Ogden joins colleagues John Whitmire and Juan Hinojosa in focusing legislative attention on TYC, whose exective director recently resigned amid news reports that the agency covered up investigations of sexual abuse of incarcerated children. He added that the turnover rate among juvenile corrections officers has risen from 33% to 50%.
The allegations surrounding TYC “will make you sick to your stomach. I can’t think of anything worse than incarcerating children, and then … destroying them,” Ogden said. “These kids [who have been abused] are finished. They are ruined for life. I don’t know how you ever get them back.”
In the cases of TYC and TSU, Ogden has come to believe that the fix is putting them into conservatorship. “Which means firing everybody and starting over.” The situation at Texas Southern is so drastic that the university is in danger of defaulting on its obligations. The question is not ‘if?’, the question is ‘when?'” Ogden said. He blames “gross fiscal mismanagement.” The Legislature has never been willing to address the long history of financial problems at the historically black university because “the race card always gets played and we just sort of draw back. The tendency will be to look for a political escape hatch.”
But he compared Texas Southern’s predicament to Lamar University’s ten years ago, when the Legislature put the college in the Texas State University System because of governance issues. “It was part of a local political cocoon and it was corrupt. I see a similarity at Texas Southern.”
Ogden said he was researching the statute on conservatorship to see if it fit Texas Southern’s situation.

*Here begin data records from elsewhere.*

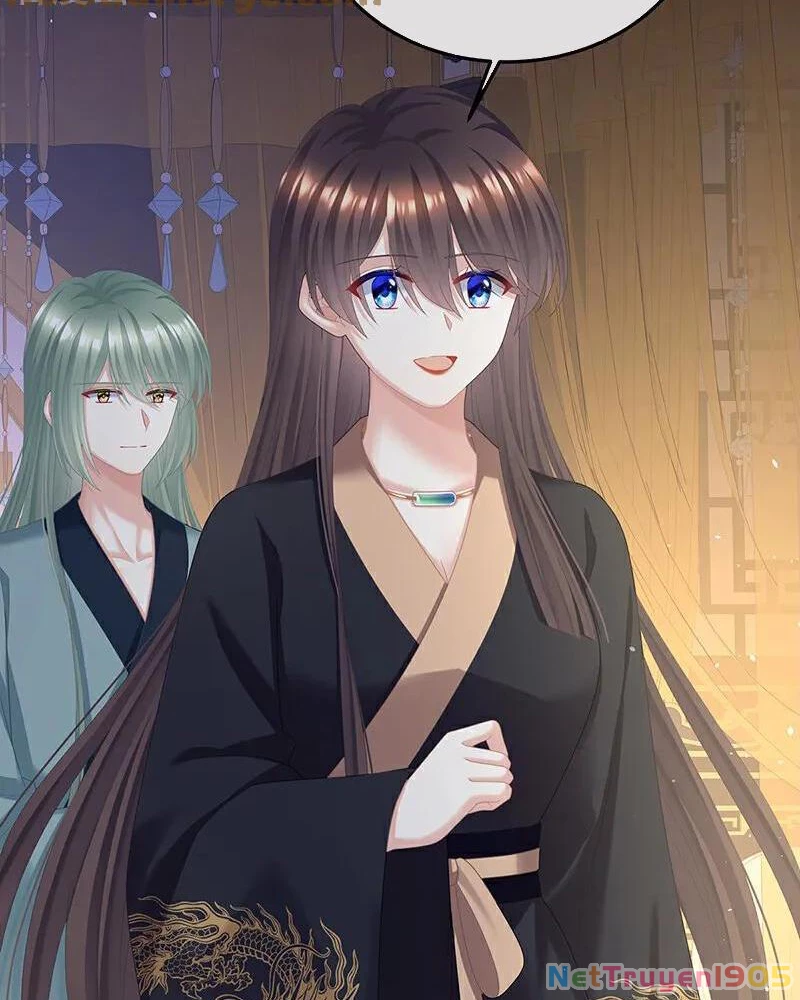 Hậu Cung Của Nữ Đế Chapter 473 - 2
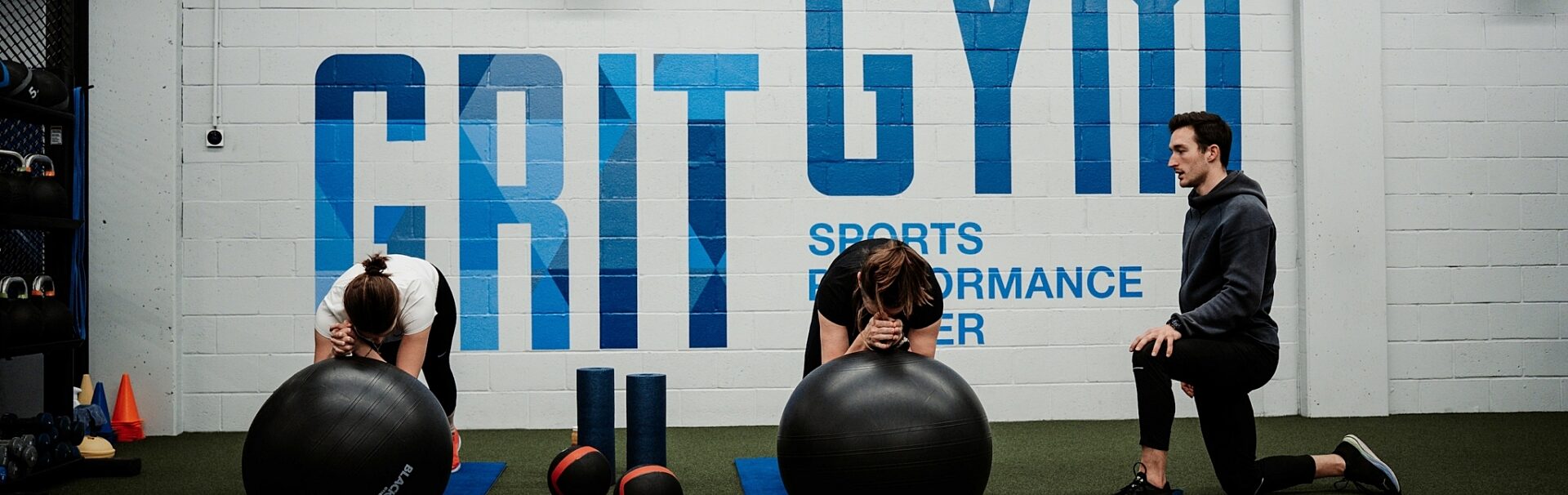 Dé gym in Leuven waar experts in gezondheid en fitness sport en revalidatie je begeleiden naar optimale sportprestaties gezondheid en fitheid blessurepreventie en fysiek herstel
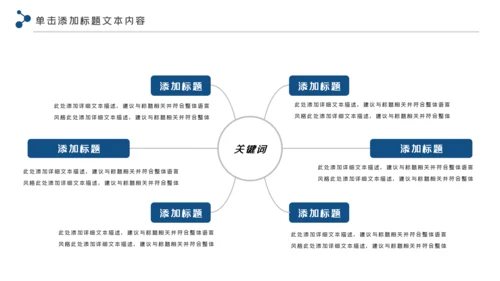 新能源风力能电力公司供电业局总结PPT模板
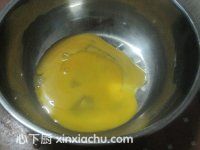 ���u����ļҳ�������1���DƬ���E m.xalove.com.cn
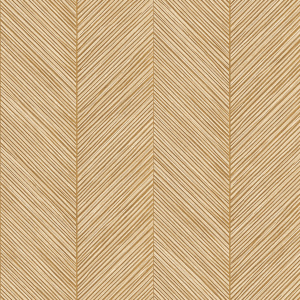 54510-4_kv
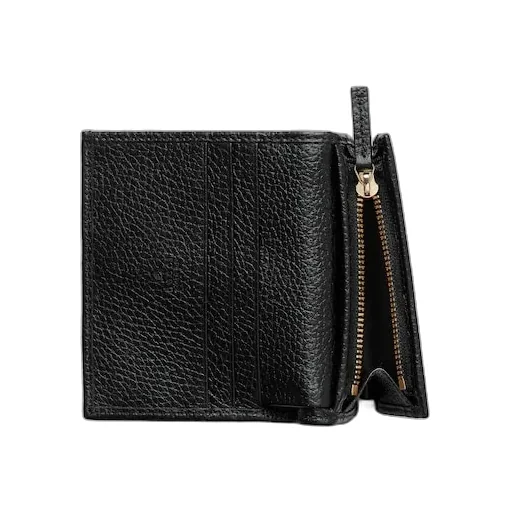 Jackie 1961 Small Wallet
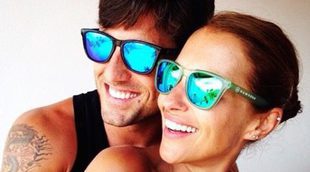 David y Paula, ¿más cerca del divorcio o de la reconciliación?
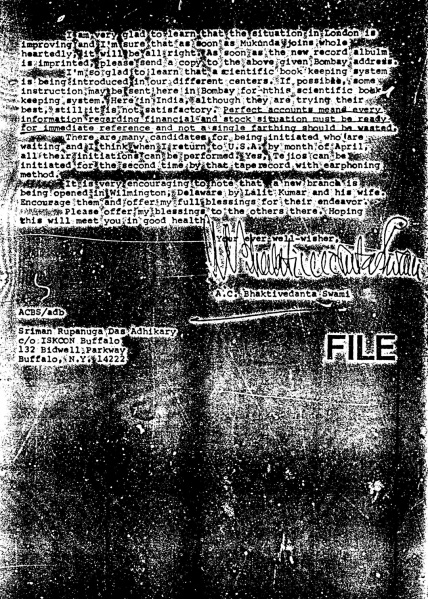 File:710219 - Letter to Rupanuga 2.JPG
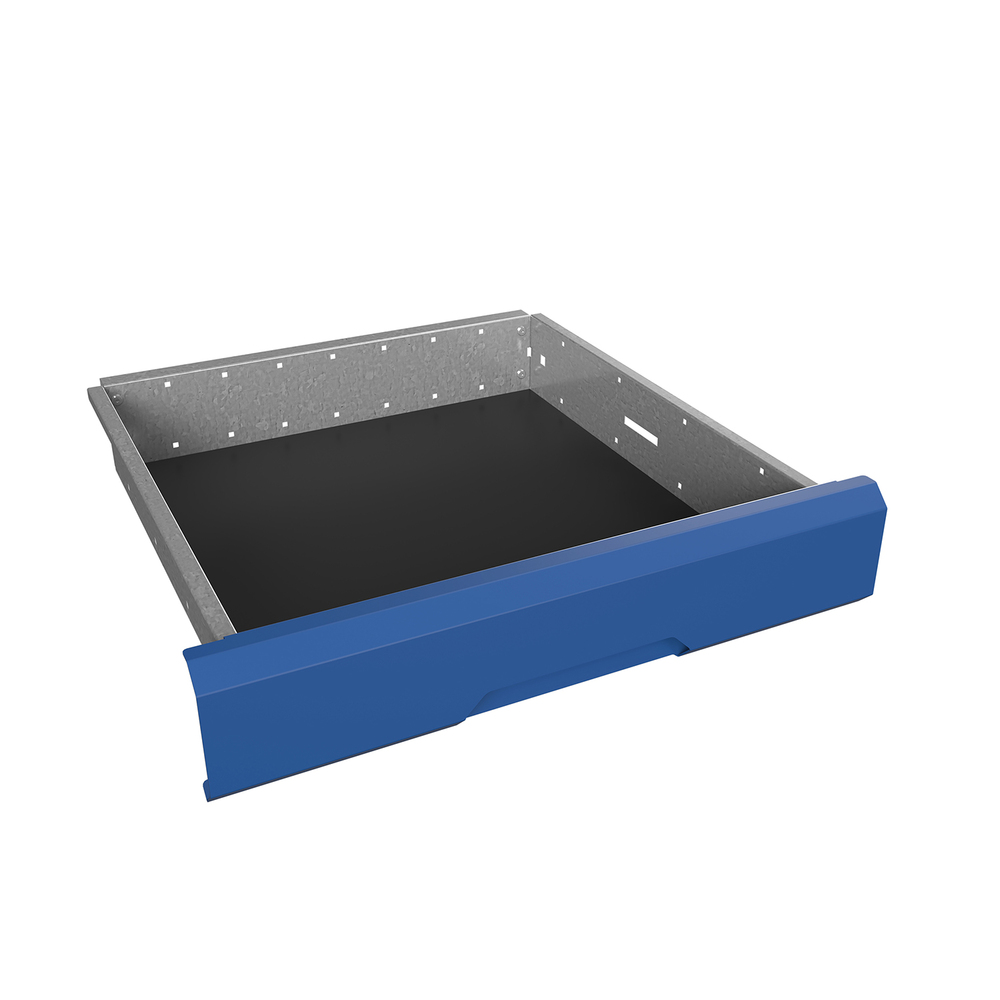 16926900 - tapis antidérapant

But the issue could be resolved by placing it under the auspices of a university system, like University of Houston, Texas State, or the University of Texas.

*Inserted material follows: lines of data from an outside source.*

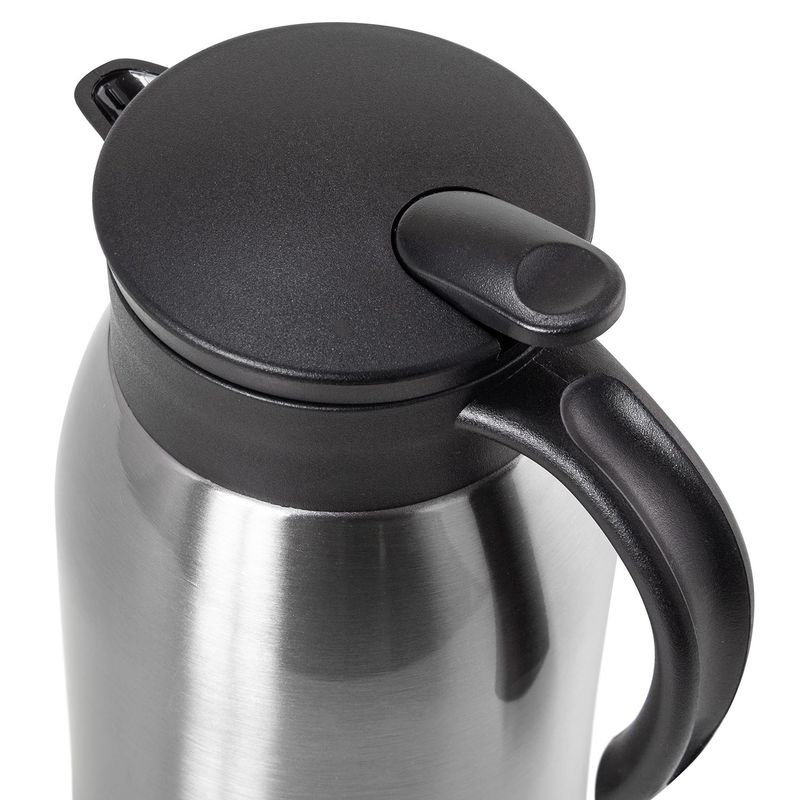Garrafa_Trmica_Mona_Termopro_900_ml_em_Ao_Inox_1037815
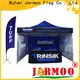 Fabricante duradero de carpas tipo cúpula para 4 personas a la venta 1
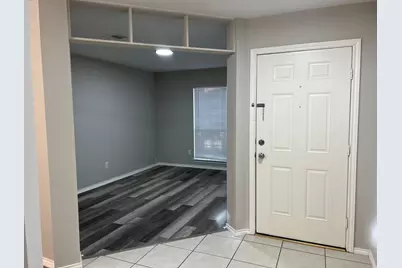 6319 Sunlit Orchard Drive, Houston, TX 77072 - Photo 3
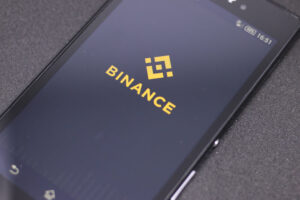 Binance Brings New Manager Onboard to Head Its Singapore Office PlatoBlockchain Data Intelligence. Vertical Search. Ai.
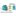 RULETA 3M X 16MM – 2 FUNCTII – TOTAL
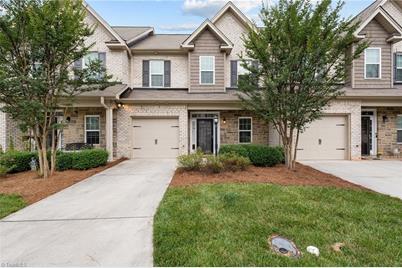 7 Pisgah Forest Circle, Greensboro, NC 27455 - Photo 1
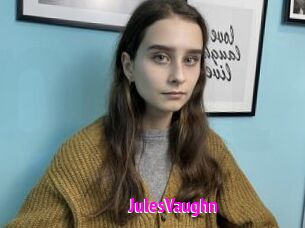 JulesVaughn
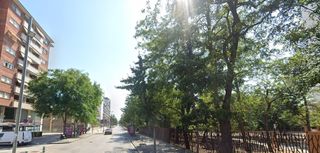 Pis  Nova. Piso en mollet del valles
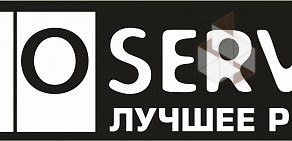 Сервисный центр Pro-service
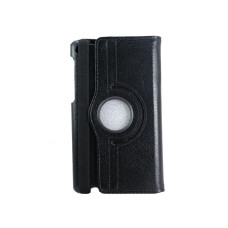 2496, Чехол Asus Nexus 7 2 360 градусов , 02344, 225грн, 02344, 360, Чехлы на Asus Google Nexus 7 2 2013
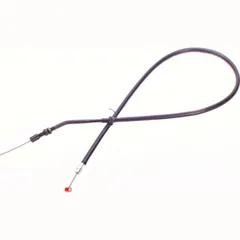 clutch cable compare no. T2049299 f. for: Triumph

Calling TxDOT “totally out of control,” Ogden said the Legislature needs to exert more control over how the spends money. “Politically, they are killing us all,” he said of the agency. One method of getting the agency’s attention would be to “create a TxDOT reform bill and tie its passage to the budget.” Of course, if the reform bill failed, the Legislature would be forced into special session. “I’m not sure there are enough people in this building with the guts to put the Legislature in special session” over TxDOT. Another option would be to “limit what they can spend their money on through a rider in the budget,” he noted.
While the three agencies are unrelated in constituency and mission, Ogden said they all exhibit a disfunctional behavior and culture. “I don’t know if I can change behavor and culture at state agencies through the budget,” he said. “But I am going to try.”